Sergueï Lavrov : Nous avons convenu avec le secrétaire d’État Antony Blinken que quand la Russie aura envoyé son document et qu’ils auront pris connaissance de notre vision de la situation, une rencontre entre nous sera organisée. Nous sommes tous deux intéressés par une telle rencontre, qui est dans notre intérêt et dans nos projets.
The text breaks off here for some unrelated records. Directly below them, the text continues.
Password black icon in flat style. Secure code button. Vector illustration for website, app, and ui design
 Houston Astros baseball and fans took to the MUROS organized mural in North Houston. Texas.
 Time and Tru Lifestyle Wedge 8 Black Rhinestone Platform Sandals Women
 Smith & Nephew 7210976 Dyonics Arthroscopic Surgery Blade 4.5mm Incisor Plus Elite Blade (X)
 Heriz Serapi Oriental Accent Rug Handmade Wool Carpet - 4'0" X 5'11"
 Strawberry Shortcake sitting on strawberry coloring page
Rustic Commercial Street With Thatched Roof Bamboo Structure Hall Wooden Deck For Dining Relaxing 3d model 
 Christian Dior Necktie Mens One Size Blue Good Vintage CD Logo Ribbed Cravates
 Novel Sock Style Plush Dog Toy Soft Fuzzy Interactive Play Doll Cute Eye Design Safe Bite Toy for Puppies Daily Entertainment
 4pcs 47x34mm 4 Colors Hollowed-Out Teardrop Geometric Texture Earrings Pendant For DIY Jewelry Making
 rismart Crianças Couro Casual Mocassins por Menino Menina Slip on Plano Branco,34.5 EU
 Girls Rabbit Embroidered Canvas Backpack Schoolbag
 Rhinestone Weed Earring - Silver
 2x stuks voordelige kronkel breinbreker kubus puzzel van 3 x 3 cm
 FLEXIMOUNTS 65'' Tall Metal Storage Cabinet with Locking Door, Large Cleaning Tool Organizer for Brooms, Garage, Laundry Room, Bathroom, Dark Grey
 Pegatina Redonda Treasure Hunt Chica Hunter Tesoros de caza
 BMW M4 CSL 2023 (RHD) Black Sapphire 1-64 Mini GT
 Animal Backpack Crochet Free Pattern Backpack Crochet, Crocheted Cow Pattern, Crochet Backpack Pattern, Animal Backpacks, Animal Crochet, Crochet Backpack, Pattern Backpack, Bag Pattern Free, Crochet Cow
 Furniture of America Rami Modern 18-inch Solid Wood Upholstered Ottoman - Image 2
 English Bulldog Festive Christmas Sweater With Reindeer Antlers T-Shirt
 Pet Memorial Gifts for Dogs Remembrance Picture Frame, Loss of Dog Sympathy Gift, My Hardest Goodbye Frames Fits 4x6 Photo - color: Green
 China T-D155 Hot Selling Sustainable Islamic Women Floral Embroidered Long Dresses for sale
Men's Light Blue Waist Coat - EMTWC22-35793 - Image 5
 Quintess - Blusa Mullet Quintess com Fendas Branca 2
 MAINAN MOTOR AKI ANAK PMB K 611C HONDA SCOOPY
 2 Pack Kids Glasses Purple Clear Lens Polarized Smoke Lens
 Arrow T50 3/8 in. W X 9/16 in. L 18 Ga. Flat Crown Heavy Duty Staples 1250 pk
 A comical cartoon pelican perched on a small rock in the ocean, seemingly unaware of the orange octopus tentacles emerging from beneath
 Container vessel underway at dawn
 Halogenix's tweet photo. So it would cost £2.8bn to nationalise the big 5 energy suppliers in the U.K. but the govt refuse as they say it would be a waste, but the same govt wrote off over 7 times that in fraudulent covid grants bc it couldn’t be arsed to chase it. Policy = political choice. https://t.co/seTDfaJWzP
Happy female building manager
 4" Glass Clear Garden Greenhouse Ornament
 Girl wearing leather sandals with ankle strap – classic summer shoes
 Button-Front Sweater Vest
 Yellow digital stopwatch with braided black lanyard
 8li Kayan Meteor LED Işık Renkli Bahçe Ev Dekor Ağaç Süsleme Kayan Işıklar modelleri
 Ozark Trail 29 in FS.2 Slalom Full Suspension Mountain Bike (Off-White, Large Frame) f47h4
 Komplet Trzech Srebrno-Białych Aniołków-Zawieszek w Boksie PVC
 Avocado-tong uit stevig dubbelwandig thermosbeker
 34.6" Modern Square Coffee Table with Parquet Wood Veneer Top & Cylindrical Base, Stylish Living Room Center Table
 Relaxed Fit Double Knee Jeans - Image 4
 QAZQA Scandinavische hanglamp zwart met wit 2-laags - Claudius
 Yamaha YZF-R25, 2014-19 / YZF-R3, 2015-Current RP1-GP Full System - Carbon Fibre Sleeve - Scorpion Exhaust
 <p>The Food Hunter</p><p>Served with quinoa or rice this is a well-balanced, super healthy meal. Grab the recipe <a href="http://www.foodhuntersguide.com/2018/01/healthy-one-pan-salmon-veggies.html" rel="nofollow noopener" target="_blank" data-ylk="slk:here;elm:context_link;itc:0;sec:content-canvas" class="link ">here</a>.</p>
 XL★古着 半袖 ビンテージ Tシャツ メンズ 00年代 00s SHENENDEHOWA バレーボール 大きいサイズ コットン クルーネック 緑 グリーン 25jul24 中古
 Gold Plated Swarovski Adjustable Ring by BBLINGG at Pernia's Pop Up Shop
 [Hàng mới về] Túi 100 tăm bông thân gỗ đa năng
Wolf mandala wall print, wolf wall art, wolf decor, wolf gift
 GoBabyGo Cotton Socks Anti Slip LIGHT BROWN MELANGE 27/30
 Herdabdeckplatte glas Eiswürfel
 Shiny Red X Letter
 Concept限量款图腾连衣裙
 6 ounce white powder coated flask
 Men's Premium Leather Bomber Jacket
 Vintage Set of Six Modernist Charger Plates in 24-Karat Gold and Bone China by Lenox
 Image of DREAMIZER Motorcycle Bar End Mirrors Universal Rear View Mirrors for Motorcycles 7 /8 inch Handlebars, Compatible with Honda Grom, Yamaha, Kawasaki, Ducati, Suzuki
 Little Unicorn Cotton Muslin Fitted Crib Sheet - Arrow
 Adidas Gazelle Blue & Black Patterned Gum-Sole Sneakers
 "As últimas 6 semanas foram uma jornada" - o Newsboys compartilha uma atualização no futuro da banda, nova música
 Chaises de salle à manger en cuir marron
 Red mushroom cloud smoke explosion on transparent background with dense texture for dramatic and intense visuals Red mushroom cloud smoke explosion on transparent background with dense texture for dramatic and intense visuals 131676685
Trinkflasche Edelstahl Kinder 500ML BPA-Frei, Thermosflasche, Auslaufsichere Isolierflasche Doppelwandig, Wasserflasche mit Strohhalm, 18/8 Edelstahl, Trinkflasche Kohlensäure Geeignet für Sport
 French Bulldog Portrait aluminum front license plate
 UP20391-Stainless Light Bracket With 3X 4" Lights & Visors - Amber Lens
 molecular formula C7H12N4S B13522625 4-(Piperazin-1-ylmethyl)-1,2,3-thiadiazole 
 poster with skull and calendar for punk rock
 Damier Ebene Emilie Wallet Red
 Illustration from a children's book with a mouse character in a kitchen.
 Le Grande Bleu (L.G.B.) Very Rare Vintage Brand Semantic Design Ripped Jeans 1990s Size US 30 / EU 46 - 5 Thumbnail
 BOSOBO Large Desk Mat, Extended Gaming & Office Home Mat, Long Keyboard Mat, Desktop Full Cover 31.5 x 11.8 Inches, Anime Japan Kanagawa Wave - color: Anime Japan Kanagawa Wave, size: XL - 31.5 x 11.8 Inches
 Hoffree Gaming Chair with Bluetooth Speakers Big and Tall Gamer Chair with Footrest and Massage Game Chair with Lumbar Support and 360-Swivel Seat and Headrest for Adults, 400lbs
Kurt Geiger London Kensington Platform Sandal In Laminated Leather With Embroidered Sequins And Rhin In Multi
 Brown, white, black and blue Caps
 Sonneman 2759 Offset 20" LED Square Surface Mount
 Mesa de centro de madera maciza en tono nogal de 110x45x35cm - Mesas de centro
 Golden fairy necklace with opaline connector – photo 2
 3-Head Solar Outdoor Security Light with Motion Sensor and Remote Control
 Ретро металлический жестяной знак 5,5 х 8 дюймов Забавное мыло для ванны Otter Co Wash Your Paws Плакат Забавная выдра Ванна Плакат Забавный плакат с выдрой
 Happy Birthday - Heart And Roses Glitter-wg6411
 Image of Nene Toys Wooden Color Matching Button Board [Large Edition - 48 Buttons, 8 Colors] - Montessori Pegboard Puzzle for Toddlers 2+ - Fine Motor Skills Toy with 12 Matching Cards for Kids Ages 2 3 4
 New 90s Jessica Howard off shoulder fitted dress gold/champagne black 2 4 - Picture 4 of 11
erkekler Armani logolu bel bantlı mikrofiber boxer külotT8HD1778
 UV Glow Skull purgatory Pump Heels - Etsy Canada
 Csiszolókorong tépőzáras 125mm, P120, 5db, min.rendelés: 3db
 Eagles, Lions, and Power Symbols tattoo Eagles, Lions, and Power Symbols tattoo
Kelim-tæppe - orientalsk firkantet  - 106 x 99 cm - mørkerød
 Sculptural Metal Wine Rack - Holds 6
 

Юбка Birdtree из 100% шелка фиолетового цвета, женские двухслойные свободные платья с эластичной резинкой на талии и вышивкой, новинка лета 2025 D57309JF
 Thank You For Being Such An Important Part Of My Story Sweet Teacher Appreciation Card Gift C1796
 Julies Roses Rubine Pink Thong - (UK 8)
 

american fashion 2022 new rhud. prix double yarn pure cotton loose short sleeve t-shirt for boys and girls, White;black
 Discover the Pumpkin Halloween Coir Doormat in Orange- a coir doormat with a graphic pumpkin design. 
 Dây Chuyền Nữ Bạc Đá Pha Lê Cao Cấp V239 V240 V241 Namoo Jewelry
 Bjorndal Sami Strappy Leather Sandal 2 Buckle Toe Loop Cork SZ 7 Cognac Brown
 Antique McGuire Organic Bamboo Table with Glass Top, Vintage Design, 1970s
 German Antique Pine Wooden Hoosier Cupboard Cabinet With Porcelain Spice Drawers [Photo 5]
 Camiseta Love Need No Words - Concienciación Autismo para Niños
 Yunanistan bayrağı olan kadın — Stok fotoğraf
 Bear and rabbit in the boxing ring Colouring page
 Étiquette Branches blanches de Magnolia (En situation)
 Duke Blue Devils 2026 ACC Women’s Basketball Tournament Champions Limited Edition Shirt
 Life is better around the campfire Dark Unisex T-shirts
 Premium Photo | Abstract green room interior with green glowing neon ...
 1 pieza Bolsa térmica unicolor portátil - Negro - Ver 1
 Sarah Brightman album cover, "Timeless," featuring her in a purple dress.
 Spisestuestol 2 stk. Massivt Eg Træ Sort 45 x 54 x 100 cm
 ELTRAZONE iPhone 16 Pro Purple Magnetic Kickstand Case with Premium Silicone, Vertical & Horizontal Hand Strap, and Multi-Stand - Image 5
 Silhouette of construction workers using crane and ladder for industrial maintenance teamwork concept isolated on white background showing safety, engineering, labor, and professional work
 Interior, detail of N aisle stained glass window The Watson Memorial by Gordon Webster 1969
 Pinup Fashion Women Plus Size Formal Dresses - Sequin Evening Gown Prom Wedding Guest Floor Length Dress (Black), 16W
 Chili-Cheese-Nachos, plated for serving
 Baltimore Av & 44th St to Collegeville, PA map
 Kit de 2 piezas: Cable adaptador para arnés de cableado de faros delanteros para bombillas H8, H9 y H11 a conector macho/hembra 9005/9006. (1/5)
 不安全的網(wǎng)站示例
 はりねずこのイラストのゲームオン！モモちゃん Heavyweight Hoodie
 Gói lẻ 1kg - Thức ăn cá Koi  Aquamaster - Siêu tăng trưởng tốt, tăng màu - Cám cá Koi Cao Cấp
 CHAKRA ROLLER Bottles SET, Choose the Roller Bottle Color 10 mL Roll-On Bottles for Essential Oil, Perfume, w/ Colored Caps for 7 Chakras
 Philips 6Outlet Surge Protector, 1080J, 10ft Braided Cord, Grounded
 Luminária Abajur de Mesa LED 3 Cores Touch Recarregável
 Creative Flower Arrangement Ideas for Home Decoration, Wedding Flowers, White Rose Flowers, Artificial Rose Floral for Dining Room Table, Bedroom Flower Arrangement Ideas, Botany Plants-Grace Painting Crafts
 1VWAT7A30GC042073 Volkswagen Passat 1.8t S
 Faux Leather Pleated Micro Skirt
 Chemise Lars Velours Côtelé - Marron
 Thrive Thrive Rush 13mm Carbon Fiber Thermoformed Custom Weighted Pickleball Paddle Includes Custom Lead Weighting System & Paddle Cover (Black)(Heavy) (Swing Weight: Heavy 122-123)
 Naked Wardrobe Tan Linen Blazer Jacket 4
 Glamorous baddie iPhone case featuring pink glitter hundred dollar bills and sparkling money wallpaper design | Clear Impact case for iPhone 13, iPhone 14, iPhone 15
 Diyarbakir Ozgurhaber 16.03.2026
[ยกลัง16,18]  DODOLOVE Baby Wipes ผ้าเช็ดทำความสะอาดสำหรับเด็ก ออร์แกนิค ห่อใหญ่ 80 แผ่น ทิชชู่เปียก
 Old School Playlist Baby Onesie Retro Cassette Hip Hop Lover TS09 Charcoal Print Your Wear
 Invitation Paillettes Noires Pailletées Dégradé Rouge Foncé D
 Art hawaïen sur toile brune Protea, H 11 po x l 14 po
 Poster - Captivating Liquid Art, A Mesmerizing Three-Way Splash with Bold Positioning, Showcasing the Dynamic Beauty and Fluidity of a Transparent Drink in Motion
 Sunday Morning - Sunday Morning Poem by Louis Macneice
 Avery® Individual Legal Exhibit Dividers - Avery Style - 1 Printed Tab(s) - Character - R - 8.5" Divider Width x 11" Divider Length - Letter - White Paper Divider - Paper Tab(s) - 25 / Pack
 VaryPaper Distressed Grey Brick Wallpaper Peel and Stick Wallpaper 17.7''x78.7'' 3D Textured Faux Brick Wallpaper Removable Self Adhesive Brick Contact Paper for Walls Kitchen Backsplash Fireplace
Je le répète : nous souhaitons expliquer en détail à nos collègues américains et à tous leurs alliés de l’OTAN que nous ne pouvons pas nous contenter de promesses. D’autant plus que les engagements écrits des chefs d’État et de gouvernement exigeant que les alliés de l’OTAN tiennent pleinement compte des intérêts de la Russie (sans parler des garanties verbales auxquelles le président russe Vladimir Poutine a fait référence à plusieurs reprises) semblent n’avoir aucune valeur pour eux. Ça ne va pas se passer comme ça.
Nous allons insister pour une résolution équitable des différends. Je n’aime pas m’exprimer de manière familière, mais nous avons une notion : « Un vrai mec fait ce qu’il dit ». Ces « principes » devraient aussi être respectés au niveau international.